▸ **Brief**: Count lines holding the string "important" in the data that follows. Reply with one number only.

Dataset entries
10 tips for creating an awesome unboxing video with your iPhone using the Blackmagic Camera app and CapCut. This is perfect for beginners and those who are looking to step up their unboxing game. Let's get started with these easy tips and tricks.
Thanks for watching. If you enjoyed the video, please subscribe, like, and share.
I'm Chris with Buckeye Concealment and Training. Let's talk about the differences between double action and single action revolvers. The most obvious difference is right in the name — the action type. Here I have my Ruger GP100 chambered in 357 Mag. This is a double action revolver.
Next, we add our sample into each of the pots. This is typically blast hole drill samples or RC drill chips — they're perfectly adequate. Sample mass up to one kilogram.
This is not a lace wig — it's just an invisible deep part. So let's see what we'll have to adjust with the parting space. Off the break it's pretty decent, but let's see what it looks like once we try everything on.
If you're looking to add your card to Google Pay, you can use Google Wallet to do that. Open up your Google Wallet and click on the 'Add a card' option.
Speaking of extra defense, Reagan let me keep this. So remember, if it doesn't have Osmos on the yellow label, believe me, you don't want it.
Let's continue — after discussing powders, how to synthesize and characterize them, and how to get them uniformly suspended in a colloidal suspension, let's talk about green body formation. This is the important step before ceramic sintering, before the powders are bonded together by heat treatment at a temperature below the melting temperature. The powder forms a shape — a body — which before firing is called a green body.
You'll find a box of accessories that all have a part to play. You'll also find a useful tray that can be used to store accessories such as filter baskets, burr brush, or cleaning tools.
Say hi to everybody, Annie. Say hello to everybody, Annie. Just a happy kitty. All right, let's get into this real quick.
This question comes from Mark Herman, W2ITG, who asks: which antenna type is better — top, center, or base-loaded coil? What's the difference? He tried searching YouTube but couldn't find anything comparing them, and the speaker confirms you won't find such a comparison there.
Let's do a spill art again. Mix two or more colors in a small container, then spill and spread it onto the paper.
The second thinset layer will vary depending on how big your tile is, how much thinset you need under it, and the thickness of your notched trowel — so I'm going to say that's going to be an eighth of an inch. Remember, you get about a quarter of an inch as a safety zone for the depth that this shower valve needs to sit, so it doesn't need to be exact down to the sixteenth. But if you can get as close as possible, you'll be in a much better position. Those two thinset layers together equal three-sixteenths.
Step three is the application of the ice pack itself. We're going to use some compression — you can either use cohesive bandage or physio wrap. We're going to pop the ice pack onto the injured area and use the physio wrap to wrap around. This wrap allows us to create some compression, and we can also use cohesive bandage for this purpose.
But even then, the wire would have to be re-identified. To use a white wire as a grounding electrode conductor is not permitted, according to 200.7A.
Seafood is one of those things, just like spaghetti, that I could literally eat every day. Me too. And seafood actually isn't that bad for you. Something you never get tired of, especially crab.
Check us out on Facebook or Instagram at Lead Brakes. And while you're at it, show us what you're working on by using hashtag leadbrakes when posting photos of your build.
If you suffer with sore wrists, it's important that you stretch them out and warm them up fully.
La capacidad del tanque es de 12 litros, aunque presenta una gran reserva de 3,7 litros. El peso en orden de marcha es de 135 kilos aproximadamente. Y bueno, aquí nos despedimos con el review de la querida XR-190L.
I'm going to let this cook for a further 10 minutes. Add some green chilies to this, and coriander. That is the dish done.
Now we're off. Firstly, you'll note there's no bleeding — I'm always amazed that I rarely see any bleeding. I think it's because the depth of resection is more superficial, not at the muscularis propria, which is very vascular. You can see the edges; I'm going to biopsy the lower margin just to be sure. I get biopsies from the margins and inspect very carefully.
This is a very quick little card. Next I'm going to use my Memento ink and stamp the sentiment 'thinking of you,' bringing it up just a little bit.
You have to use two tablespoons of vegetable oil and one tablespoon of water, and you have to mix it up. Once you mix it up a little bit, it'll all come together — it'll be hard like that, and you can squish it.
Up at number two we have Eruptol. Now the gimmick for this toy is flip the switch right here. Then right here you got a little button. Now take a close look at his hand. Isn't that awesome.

▸ **Task result**: 2